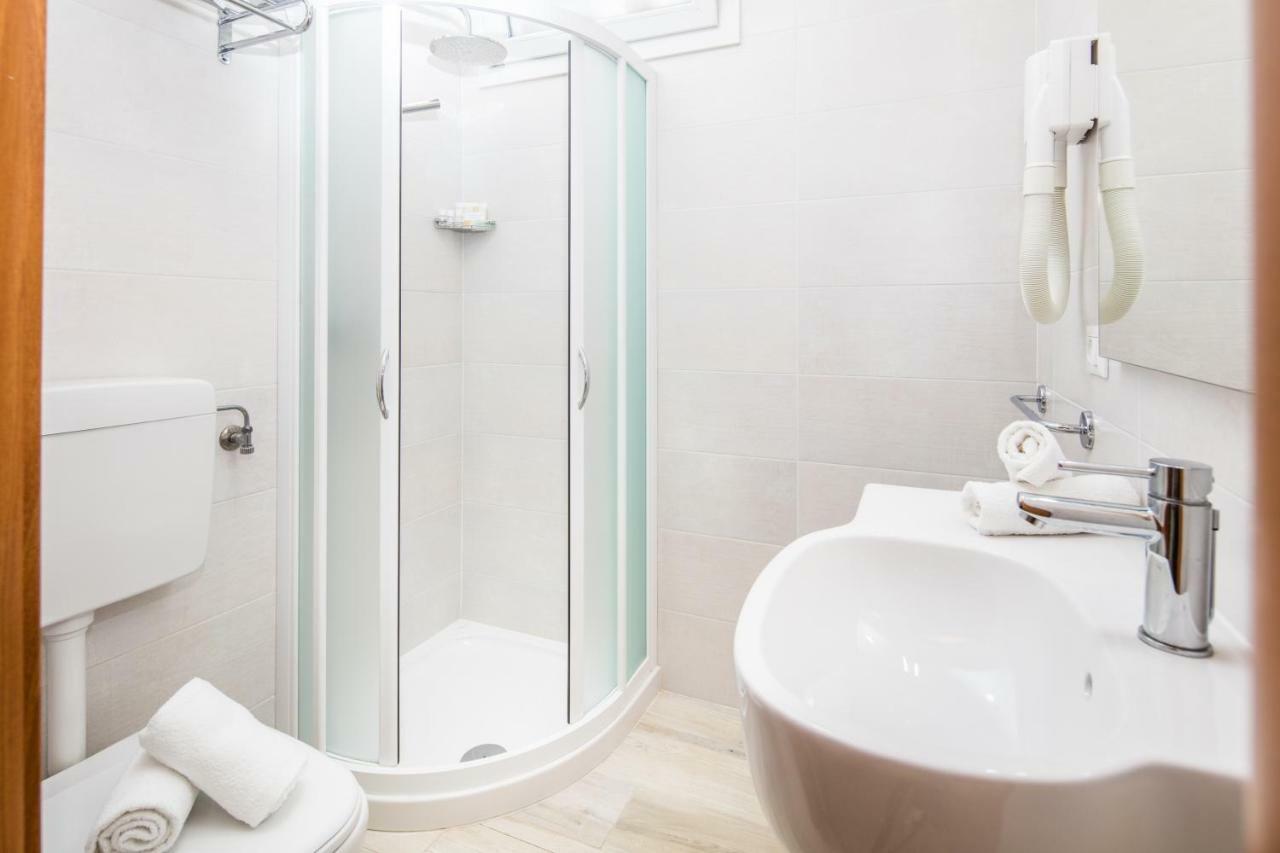 Hotel Meuble Zenith ลินญาโน ซับเบียโดโร ภายนอก รูปภาพ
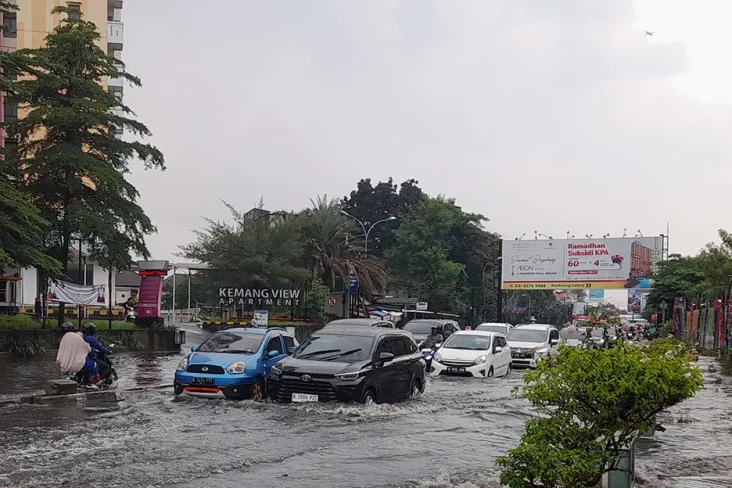 Bekasi Diguyur Hujan...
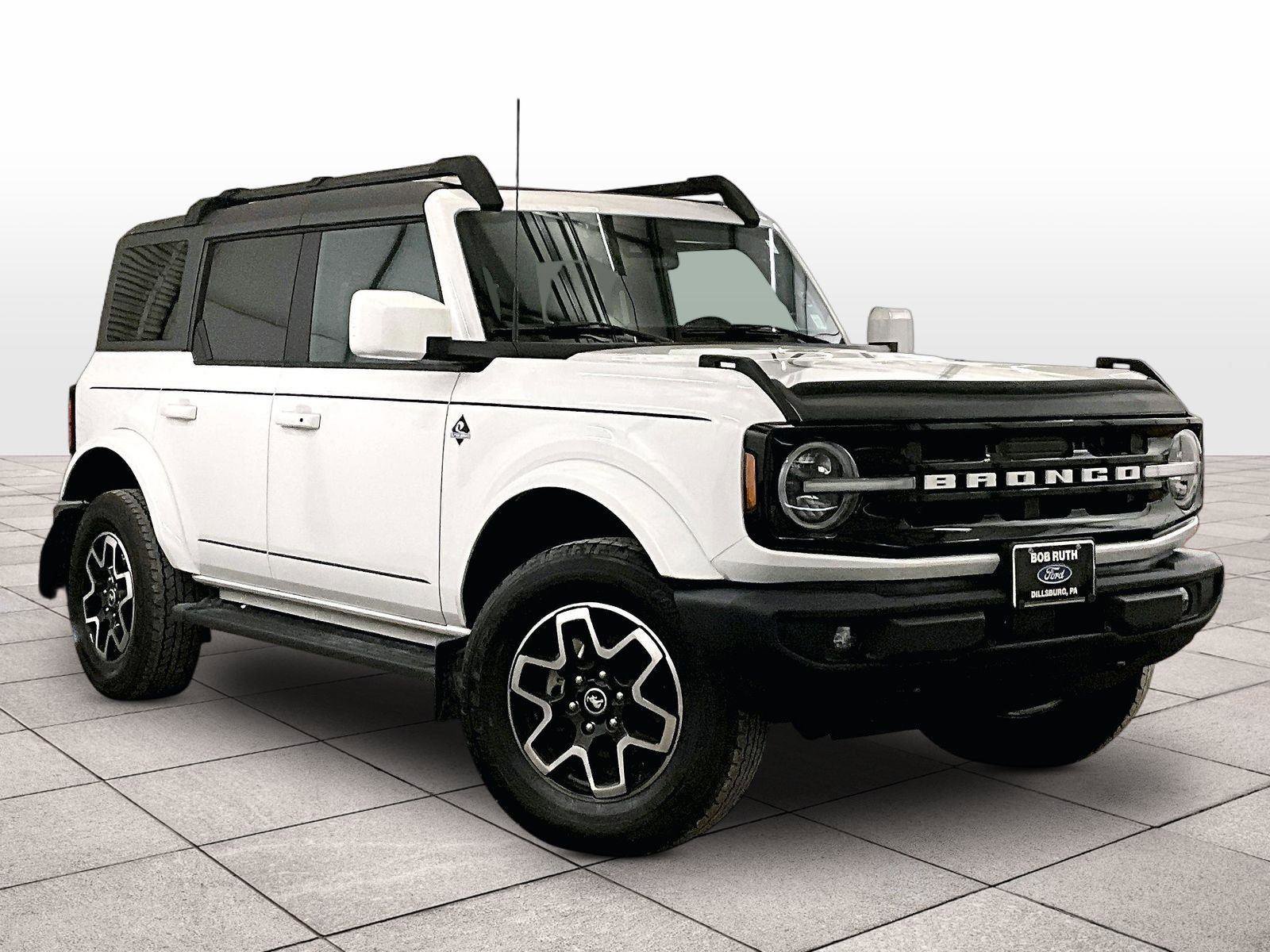 Certified 2023 Ford Bronco Outer Banks AWD/4WD image 2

◆ ◆ ◆ ◆ ◆ ◆ ◆

**What needs to be done**
Retype the whole of the data verbatim. Skip every picture.

**Solution for this exercise**
 Hotel Meuble Zenith ลินญาโน ซับเบียโดโร ภายนอก รูปภาพ
 Bekasi Diguyur Hujan...
 Certified 2023 Ford Bronco Outer Banks AWD/4WD image 2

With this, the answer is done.